(Captioned web image data)
• • •

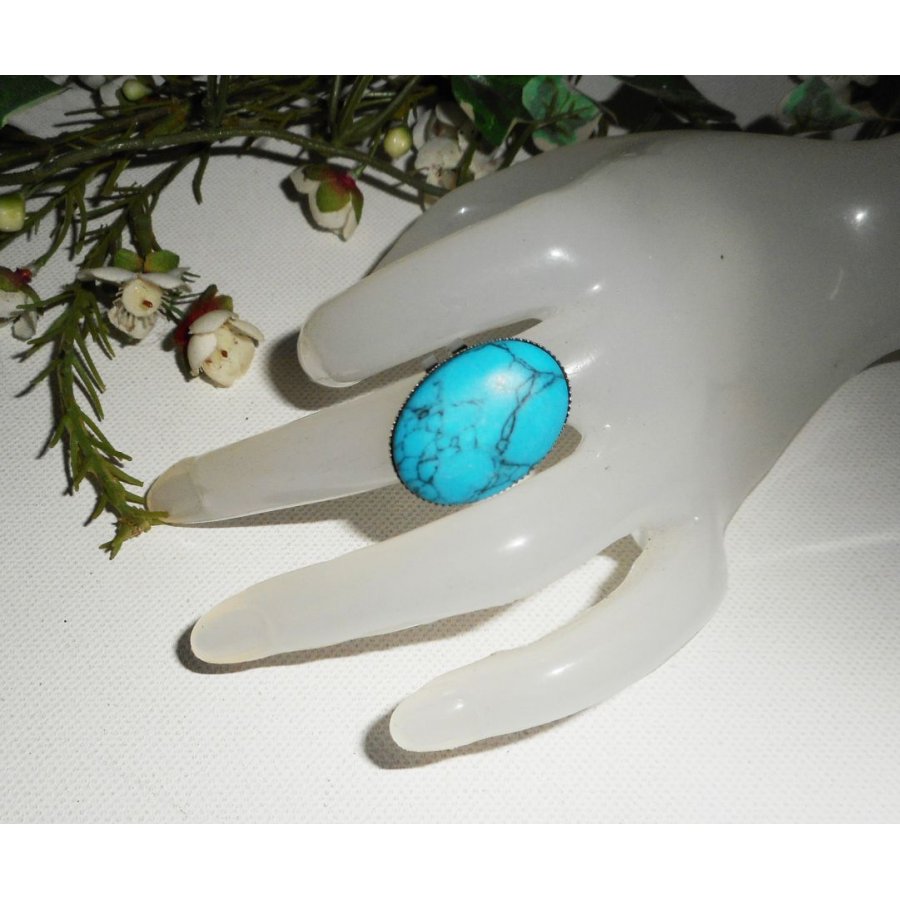 Anel de cabochon com pedra turquenite oval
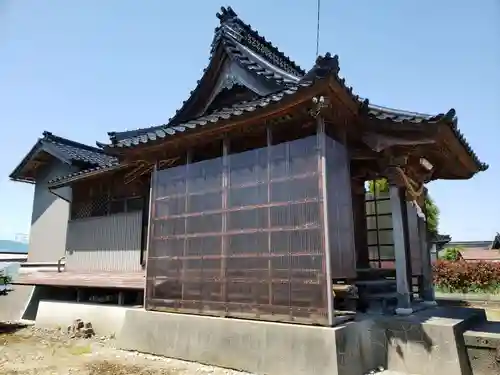 神明社の本殿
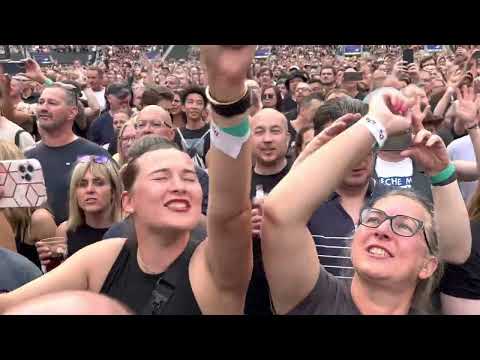 Depeche mode live - 17/06/23 London Twickenham - walking in my shoes live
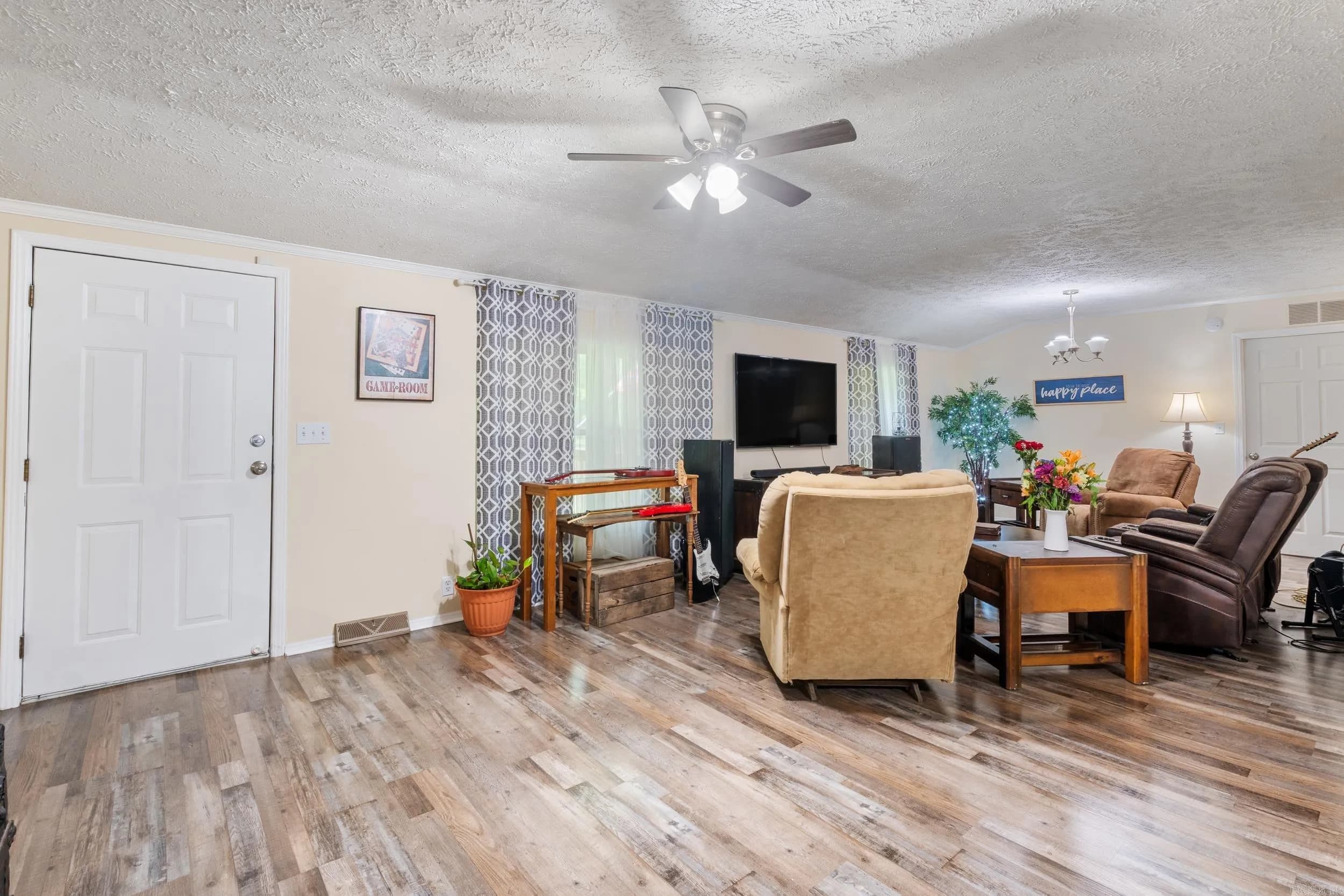 Property at 186  Shafer - Image 19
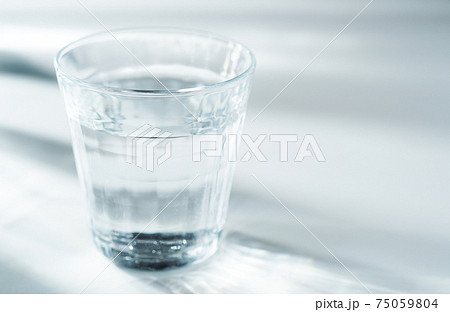 グラスの中の水 グラスの中の水 75059804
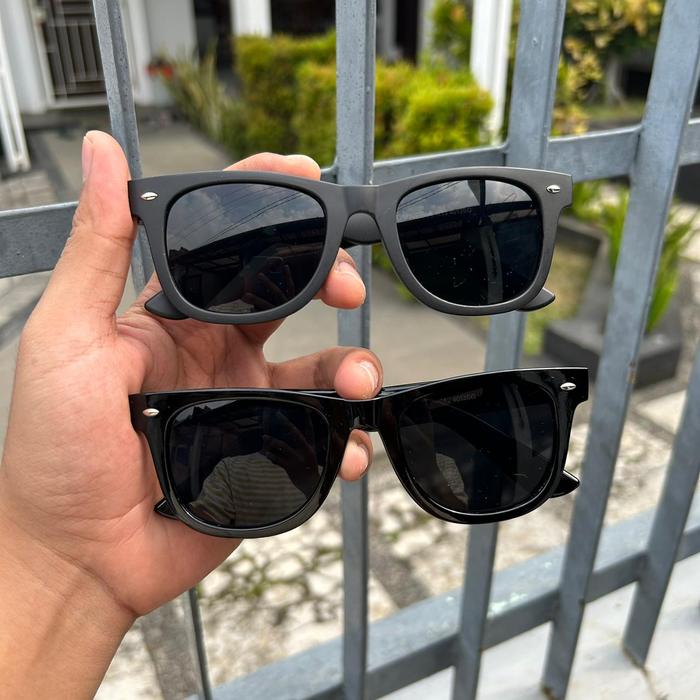 Regaldstore - Kacamata Hitam Wayfarer Sunglasses - R13 4013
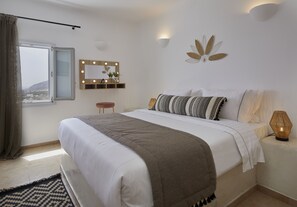 Exclusive Villa | Premium bedding, desk, laptop workspace, soundproofing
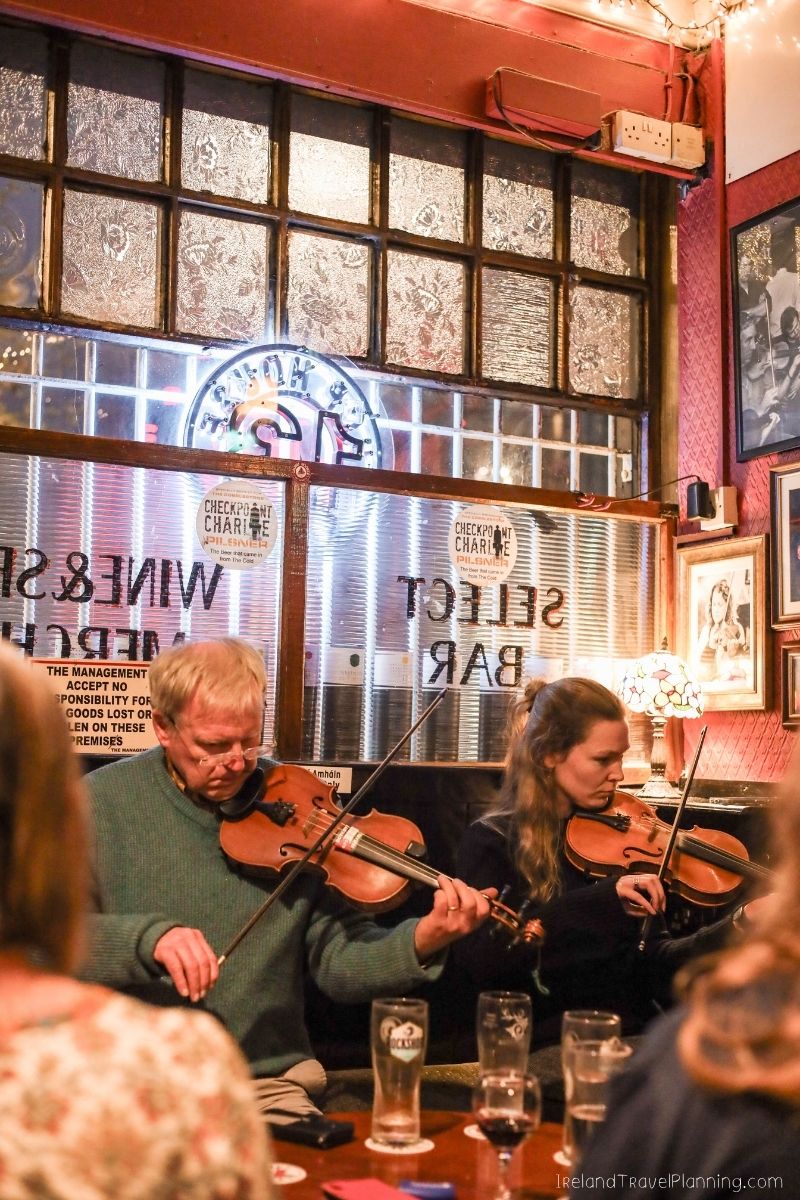 Musicians playing violins in a Dublin pub, a free thing to do.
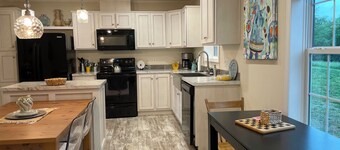 Cozy Farmhouse Retreat: Birdwatch & Stargaze 2hrs from KC & DSM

• • •

* **Task description**
Restate the data above verbatim, skipping every image.

* **Written answer**
 Anel de cabochon com pedra turquenite oval
 神明社の本殿
 Depeche mode live - 17/06/23 London Twickenham - walking in my shoes live
 Property at 186  Shafer - Image 19
 グラスの中の水 グラスの中の水 75059804
 Regaldstore - Kacamata Hitam Wayfarer Sunglasses - R13 4013
 Exclusive Villa | Premium bedding, desk, laptop workspace, soundproofing
 Musicians playing violins in a Dublin pub, a free thing to do.
 Cozy Farmhouse Retreat: Birdwatch & Stargaze 2hrs from KC & DSM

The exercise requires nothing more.